I had to work at Kamehachi** that night, so got to the event late and walked into a room full of people watching my DVD of the Meeting People Is Easy tour documentary projected onto a screen and played through the club's sound system. 

And I immediately noticed something was off. It sounded weird. Once I got to the soundboard I saw whoever had plugged the movie into the system hadn't noticed the reverb was turned all the way up, creating a wash of sound that was barely intelligible. Yet people had been watching the movie without complaint for at least an hour! 

It was then I realized that the fans drawn in by 'OK Computer' were willing to believe anything by the band was intentional.
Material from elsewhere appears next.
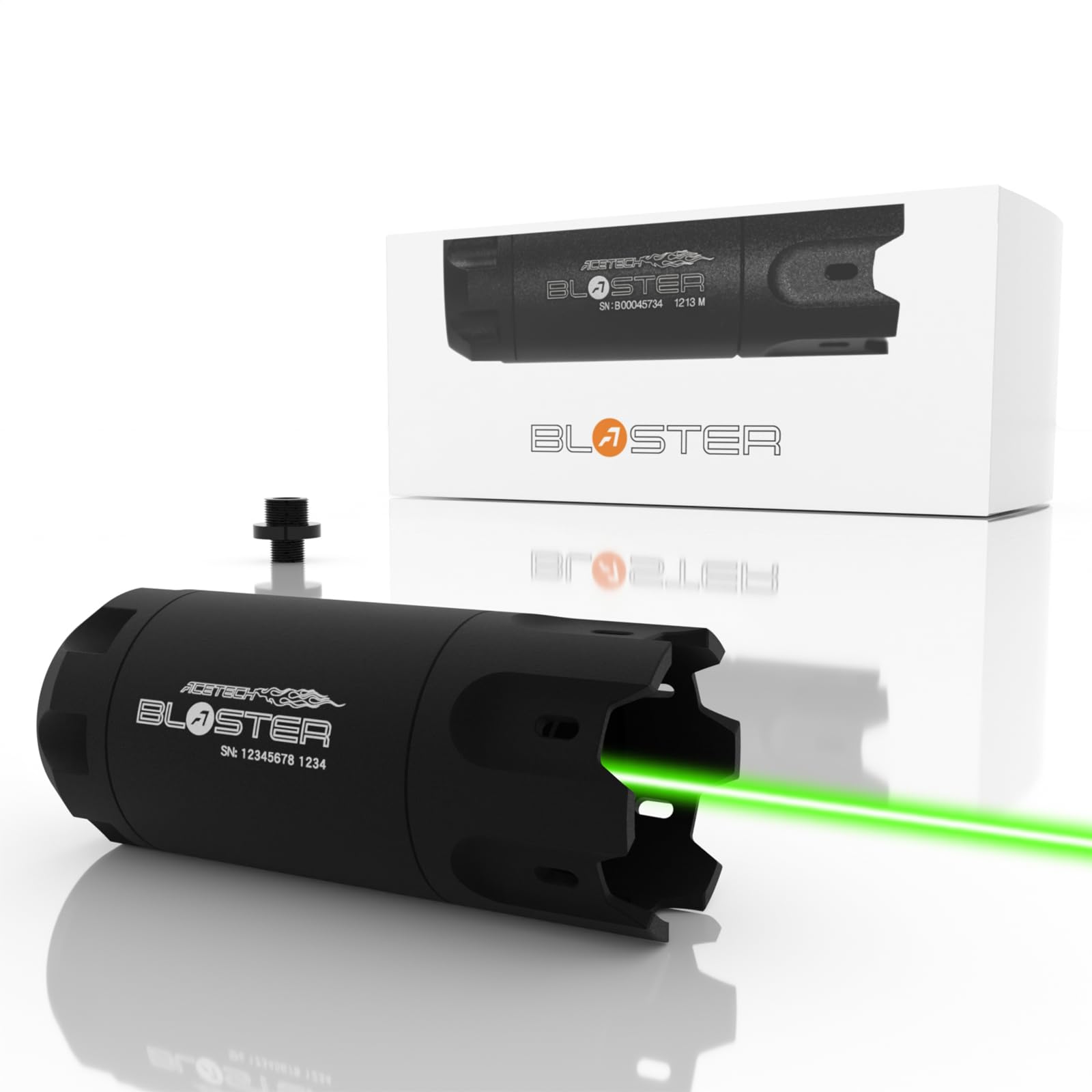 ACETECH Airsoft Pistol/Riffle Tracer Unit Bifrost/Brighter CS/Blaster 14mm CCW Negative Thread M14- to M11+ Green/Gel BBS LED RGB/Flare/Beam Lighting Effect (Blaster Black - Flare Tracer)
The "new" fans packed around me were hipper and cooler than the fans of the band's earlier albums I had known. So this truly marked the dividing line in my head for the band—from here on out people would accept everything they did as genius just because they're Radiohead. Which is fine—to each their own, and there are far worse acts to give a musical pass to than Radiohead! And I remain appreciative of every single person who attended the event.

ANYWAY, I just realized that anniversary was today. And the fact it happened 20 years ago makes me feel MASSIVELY ancient. But it is a very fond memory and I cherish it. 
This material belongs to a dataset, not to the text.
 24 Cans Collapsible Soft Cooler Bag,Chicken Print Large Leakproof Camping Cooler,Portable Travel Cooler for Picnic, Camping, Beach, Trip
*Which would eventually become The Flat Iron (R.I.P. Flat Iron).

**I was still working two jobs at the time, restaurant manager and talent buyer, but that would end soon because even I needed to occasionally sleep no matter how young and energetic I was.

Thursday, October 01, 2020

Bringing something new to Bond...

I don't know when I turned into enough of a James Bond fan that I bought the entire library of movies on Blu-ray years ago, but over the years I got more invested in the different storylines that run from movie to movie. I'm so dumb I didn't realize as a kid that the villain was sometimes the same character played by a different person, or just how long the SPECTRE plot line stretches back (basically the "Hail Hydra" of spy films).

Maybe it's in my blood? My dad loved Bond films, though I suspect he was most interested in the girls, gadgets, and cars (not necessarily in that order because my dad LOVED cars). But I'm guessing his enthusiasm took root in my and didn't take root for many years. But once it did I was in! Daniel Craig's performance as Bond is also now my favorite so that didn't hurt either.

When it comes to Bond themes, I know the genre is supposed to be iconic, but most fall into a familiar patterns, and the "No Time To Die" theme from Billie Eilish is no different in that regard. However her theme is striking in its restrained maturity and the additional of a new vocal vulnerability to the Bond catalog without simply relying on a steamroller "bring the roof down" kind of approach. So in that sense, it is a unique addition to the canon. I think you will agree, so enjoy!

UPDATE: The day after they released this, it was announced the studio would be holding the new Bond film until 2021. So this is the second time the marketing machine started to spit out content to excite potential movie-goers to see the film only to have to halt it again. By the time the movie actually comes out the marketing budget will only have a tweet or two left in it!